Por Juan
Manuel Bendala. Ilustración de Vicente Toti.
El palacete se alza en la falda de una suave colina, a orillas de un
precioso lago de Baviera. El frondoso bosque que la acoge, salpicado de casas
del mismo porte, aquí y allá, ha sobrevivido a dos guerras mundiales. La
mansión familiar está edificada en cinco niveles, cubierta con tejados de
pizarra, terminados en afilados pináculos, como los palacios de los cuentos de
hadas. La guerra parece no haber pasado nunca por ese lugar.

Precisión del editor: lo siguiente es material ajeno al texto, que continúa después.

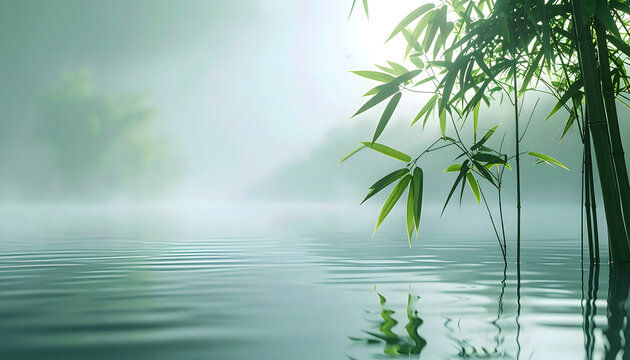 Bamboo stalk rising through light mist beside still water during early dawn creating a minimal calm peaceful meditative zen photograph generative AI
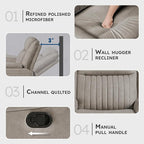 Lexicon Manual Double Reclining Sofa, Polished Microfiber Upholstered 3 Seater - Image 3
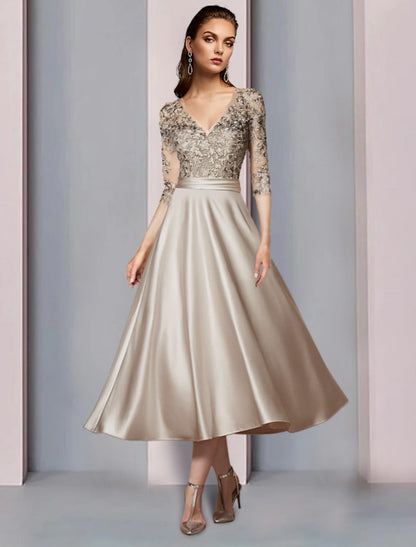 A-shaped Bride Mom Dress Wedding Guests are dignified with V-neck tea long satin lace half sleeve pleated stickers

Sin embargo, hubo un momento en el que la familia que allí habitaba
tuvo que jugarse el tipo para conservar sus propiedades. Alemania estaba al
borde de la derrota; los tanques rusos avanzaban desde el este y los americanos
desde el oeste. En aquel lugar paradisíaco casi se percibía ya el rugido de los
motores yanquis, cuando los dos hombres de la casa decidieron poner a buen
recaudo sus pertenencias más valiosas.
Trabajaban día y noche, con la angustia de que pudieran descubrir el
escondite. Apilaron contra la pared del fondo de la carbonera los cuadros, las
lámparas, los relojes, las joyas..., y lo
emparedaron todo tras un muro de ladrillos. Lo enlucieron lo mejor que supieron
y lo pintaron con la mezcla húmeda todavía. Después lo ensuciaron completamente
y apilaron contra la precaria construcción todo el carbón que pudieron.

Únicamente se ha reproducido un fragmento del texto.